Home Depot & Menards both carry it. Which box store are you talking about?


----------



## jeffnc

The Lowes website doesn't have it. The Home Depot website shows only 5 gal buckets. Makes no sense to me. I finally found a Benjamin Moore store that carries the gallons.


----------



## user1007

I say again, the world has changed. If you must, many people ship paint (usually not custom mixed color) for free these days. Or some paint dealers allow you to order online and have product shipped to the local store if you do not want to involve them in the transaction. If box stores have already forced everybody else out of business where you are? Go around them and order online if they will not help get the products you want.


----------



## PoshPaint

*Nail on the head!*



btme said:


> Some people will sell their soul for any little discount they get from paint stores, who in return expect them to knock down the competition!
> To their chagrin that strategy is not working very well!
> *All over in the US, Home Depot Painting dept. have more homeowners customers shopping/buying their paint than all the Paint Stores combined with Lowes Valspar customers included!*
> *The "pros" will probably say : they don't know any better!*


btme is right...Home Depot Painting Dept does have more homeowners and CONTRACTORS using Behr paint!! From personal experience I DO SEE PRO Painter more often than not using an OFF BRAND paint or cheaper paint to save money. :wink:For every one can of Glidden sold Behr sells 8.....there you have it.:thumbup:


----------



## 95025

So the never-ending argument lives on. Unfortunately, pretty much everyone has not only left this thread, but left this forum altogether.
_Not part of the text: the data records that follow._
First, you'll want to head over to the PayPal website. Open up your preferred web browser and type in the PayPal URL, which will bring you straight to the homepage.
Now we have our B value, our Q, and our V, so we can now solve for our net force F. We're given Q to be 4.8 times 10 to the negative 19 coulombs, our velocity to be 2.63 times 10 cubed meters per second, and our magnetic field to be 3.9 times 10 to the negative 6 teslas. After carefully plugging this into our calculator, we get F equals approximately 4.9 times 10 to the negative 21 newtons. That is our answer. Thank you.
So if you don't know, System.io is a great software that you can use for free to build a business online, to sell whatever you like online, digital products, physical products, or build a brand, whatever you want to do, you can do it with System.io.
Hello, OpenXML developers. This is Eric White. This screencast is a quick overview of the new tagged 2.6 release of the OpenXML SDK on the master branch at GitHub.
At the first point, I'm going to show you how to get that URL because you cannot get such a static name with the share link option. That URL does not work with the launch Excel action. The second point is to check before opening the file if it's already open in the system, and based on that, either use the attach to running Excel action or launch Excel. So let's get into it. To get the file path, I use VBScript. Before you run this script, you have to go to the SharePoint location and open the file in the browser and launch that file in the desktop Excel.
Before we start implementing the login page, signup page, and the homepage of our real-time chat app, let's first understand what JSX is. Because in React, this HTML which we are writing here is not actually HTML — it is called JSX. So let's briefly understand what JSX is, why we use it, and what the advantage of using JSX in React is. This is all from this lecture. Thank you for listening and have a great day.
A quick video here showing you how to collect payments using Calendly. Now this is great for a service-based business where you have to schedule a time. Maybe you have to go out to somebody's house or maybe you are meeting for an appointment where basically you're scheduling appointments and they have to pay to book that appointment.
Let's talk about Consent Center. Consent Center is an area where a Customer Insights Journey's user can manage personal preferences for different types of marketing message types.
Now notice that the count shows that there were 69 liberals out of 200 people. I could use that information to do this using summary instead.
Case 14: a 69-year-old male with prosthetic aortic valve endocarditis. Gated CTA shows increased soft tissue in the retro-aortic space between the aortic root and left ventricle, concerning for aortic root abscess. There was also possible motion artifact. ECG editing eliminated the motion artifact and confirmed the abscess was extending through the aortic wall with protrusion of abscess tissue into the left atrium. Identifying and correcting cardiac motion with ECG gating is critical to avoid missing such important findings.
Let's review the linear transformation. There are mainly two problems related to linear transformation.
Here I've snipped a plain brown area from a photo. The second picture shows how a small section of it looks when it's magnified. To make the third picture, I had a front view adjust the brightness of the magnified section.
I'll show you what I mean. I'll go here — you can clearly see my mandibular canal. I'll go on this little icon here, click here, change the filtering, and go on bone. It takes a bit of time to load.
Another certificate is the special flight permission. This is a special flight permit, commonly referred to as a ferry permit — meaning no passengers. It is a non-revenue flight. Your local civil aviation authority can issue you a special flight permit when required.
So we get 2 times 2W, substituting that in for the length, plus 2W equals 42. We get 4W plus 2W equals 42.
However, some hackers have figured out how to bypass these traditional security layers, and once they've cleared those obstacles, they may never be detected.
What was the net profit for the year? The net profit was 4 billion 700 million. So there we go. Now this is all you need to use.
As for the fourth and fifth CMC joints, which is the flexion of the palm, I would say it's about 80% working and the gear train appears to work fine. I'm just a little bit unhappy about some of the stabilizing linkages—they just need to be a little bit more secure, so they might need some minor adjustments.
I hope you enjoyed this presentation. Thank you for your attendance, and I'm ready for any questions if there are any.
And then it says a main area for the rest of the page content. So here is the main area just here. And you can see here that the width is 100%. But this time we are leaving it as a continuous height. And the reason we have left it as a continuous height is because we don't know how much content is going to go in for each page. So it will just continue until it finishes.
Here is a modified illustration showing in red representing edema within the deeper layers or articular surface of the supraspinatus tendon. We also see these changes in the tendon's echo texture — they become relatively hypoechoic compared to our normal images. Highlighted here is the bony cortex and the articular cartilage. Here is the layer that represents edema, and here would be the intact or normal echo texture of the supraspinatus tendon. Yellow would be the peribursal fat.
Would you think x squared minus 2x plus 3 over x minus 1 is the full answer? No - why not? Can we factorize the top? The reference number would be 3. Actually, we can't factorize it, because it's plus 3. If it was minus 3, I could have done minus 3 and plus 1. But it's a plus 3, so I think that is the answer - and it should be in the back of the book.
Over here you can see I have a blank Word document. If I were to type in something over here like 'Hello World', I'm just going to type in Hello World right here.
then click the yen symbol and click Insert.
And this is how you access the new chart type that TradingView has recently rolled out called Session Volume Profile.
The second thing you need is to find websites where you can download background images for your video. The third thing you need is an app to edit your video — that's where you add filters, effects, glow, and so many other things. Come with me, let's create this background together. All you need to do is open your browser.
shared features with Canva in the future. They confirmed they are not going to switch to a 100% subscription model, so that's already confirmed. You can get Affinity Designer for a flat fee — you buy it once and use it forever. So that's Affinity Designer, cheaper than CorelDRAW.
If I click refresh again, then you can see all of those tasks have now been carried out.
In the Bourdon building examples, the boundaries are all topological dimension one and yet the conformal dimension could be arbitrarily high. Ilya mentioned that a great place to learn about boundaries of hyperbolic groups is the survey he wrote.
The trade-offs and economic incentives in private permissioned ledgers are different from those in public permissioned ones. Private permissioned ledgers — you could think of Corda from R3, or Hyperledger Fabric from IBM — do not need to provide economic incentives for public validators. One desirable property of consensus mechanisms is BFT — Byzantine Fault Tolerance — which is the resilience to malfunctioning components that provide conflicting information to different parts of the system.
There is no one "right" and no one "wrong" paint. There are just too many variables.


----------



## chrisn

PoshPaint said:


> btme is right...Home Depot Painting Dept does have more homeowners and CONTRACTORS using Behr paint!! From personal experience I DO SEE PRO Painter more often than not using an OFF BRAND paint or cheaper paint to save money. :wink:For every one can of Glidden sold Behr sells 8.....there you have it.:thumbup:


I will and my 2 cents, just for the hell of it:laughing:

A real pro painter(as you put it) does not worry about using cheap paint. They are not paying for it the customer is and any pro painter I know uses only top of the line paints from a real paint store and would not be caught dead in blowes and or homely depot:no:

so there you have it from someone who actually knows what they are talking about


----------



## 95025

chrisn said:


> I will and my 2 cents, just for the hell of it:laughing:
> 
> A real pro painter(as you put it) does not worry about using cheap paint. They are not paying for it the customer is and any pro painter I know uses only top of the line paints from a real paint store and would not be caught dead in blowes and or homely depot:no:
> 
> so there you have it from someone who actually knows what they are talking about


This is a perfect example of why this forum has become a Ghost Town.


----------



## kwikfishron

DrHicks said:


> This is a perfect example of why this forum has become a Ghost Town.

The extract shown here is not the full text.